I've experienced the aftereffects of forest fires, flooding, and tornadoes, so I can sympathize. These things happen and whether it's Father Weather, Mother Nature, climate change, or whatever, it's still unsettling.

I remember the first time I had to evacuate after a fire. We had 15 minutes to get into our residence, get our cats and anything valuable, and leave. 15 minutes of fighting through smoke and water to try to find what we needed. The cats were easy -- they just about leapt into their cages, ready to get the hell out. The rest ... not so easy.

Since then I've always had an emergency bug-out kit. It sits in the basement in an interior closet where it's relatively safe from flood or winds. I have clothing, some food, a portable power source, radio, a First Aid kit, copies of important papers (which are at the bank), cans of cat food, and other assorted emergency stuff. We have a 100-gallon tank in the lower level full of water for flushing, we have a filtered 3-gallon tank upstairs plus I keep gallons of fresh water stored in the garage in jugs. I do electronic (i.e., writing) backups to cloud storage. I don't have to worry about grabbing my computer. It's all backed up.

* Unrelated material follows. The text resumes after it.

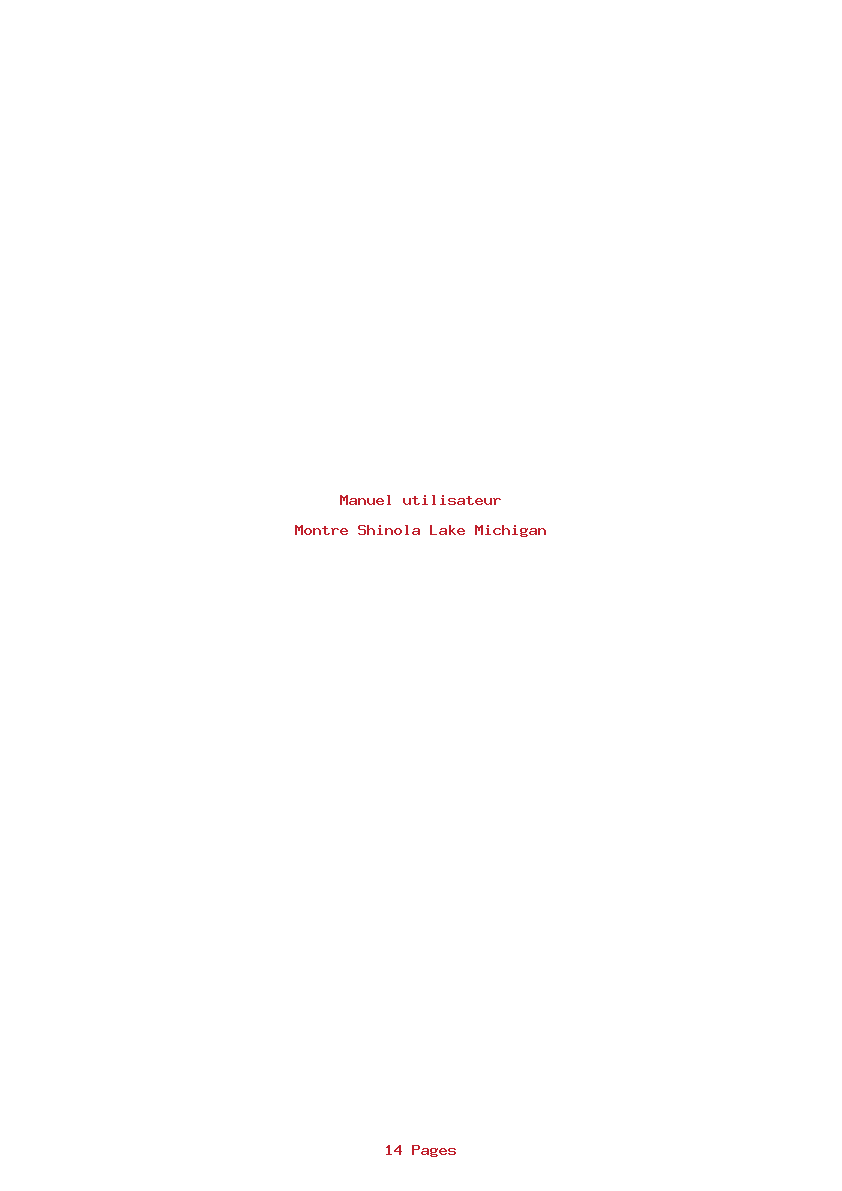 Page 1 de la notice Manuel utilisateur Shinola Lake Michigan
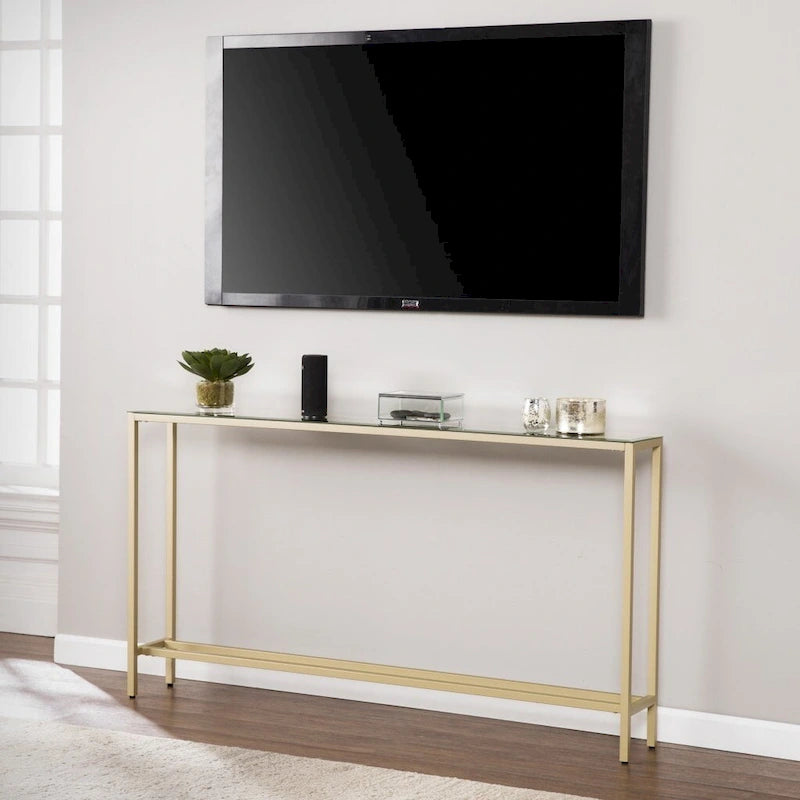Silver & Gold Mirrored Glass Console Table, 4-Leg, 1-Piece – 56"L x 8"W x 30"H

I remember what it was like to go to an emergency shelter with the clothes on my back, my pets, a few "important papers" and that was about it. Never again. If I have to bug out, I want to feel I at least thought about it all ahead of time and didn't fly around like the proverbial headless chicken.

Take a minute and think about your preparedness. It really doesn't take long to pack a duffel bag and stuff it away somewhere. Bob Mayer has written some excellent books about it, others have, too. Just stop and think: if I had 15 minutes to get the hell out, what would I take?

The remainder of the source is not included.